Scottish painter, illustrator and curator (1887–1979)

Archibald Eliot Haswell Miller (10 June 1887 – 25 March 1979) was a Scottish painter, illustrator and curator. Born in Glasgow, after teaching at the Glasgow School of Art from 1910 to 1930 he went on to be keeper and then deputy director of the National Galleries of Scotland at Edinburgh from 1930 to 1952. Examples of his artwork are in the collections of the Imperial War Museum, Glasgow Museums and Hunterian Museum and Art Gallery.

== Education ==
Miller studied at The Glasgow School of Art under Maurice Greiffenhagen and Jean Delville (1906 -1909) and also travelled to study in Paris, Vienna, Munich and Berlin. He is commemorated in The Glasgow School of Art's World War One Roll of Honour, where he is listed as a captain in the Highland Light Infantry. He was decorated with a Military Cross.

== Professional life ==
Haswell Miller taught at Glasgow School of Art 1910 and 1930. Between 1930 and 1952 he was keeper and then deputy director of the National Galleries of Scotland, Edinburgh.
His work was exhibited at the Royal Academy and also at the Royal Scottish Academy.
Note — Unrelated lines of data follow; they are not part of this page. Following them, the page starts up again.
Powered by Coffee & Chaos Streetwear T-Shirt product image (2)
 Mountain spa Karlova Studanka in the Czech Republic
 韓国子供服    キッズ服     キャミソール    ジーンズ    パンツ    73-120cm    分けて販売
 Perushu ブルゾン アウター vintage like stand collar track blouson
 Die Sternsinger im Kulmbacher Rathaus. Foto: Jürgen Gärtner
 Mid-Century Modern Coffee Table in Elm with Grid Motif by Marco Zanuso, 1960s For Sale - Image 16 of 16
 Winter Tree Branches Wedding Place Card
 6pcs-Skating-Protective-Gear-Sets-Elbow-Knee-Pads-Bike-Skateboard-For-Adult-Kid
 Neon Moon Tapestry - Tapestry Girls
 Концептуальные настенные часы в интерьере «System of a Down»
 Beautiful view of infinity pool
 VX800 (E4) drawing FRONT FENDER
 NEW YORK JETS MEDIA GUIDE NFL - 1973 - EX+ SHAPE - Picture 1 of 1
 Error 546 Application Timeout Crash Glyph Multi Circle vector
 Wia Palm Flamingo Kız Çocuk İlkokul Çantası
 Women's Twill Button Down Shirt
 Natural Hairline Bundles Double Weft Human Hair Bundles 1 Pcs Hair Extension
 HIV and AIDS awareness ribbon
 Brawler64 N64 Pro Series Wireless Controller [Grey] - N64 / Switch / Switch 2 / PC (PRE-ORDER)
He was elected a member of the Royal Scottish Society of Painters in Watercolour in 1924.

As a painter he specialised military portraits, landscapes and architectural subjects. His work is in the collections of The Imperial War Museum, Glasgow Museum and Art Galleries and The Hunterian Museum and Art Gallery,

GLAHA 55598
GLAHA 55606
GLAHA 55611

== Family==
A. E. Haswell Miller was married to the artist Elizabeth Josephine Cameron, later known as Josephine Haswell Miller. He lived in Edinburgh, but latterly in Kington Magna, Dorset. A. E. Haswell Miller died in 1979.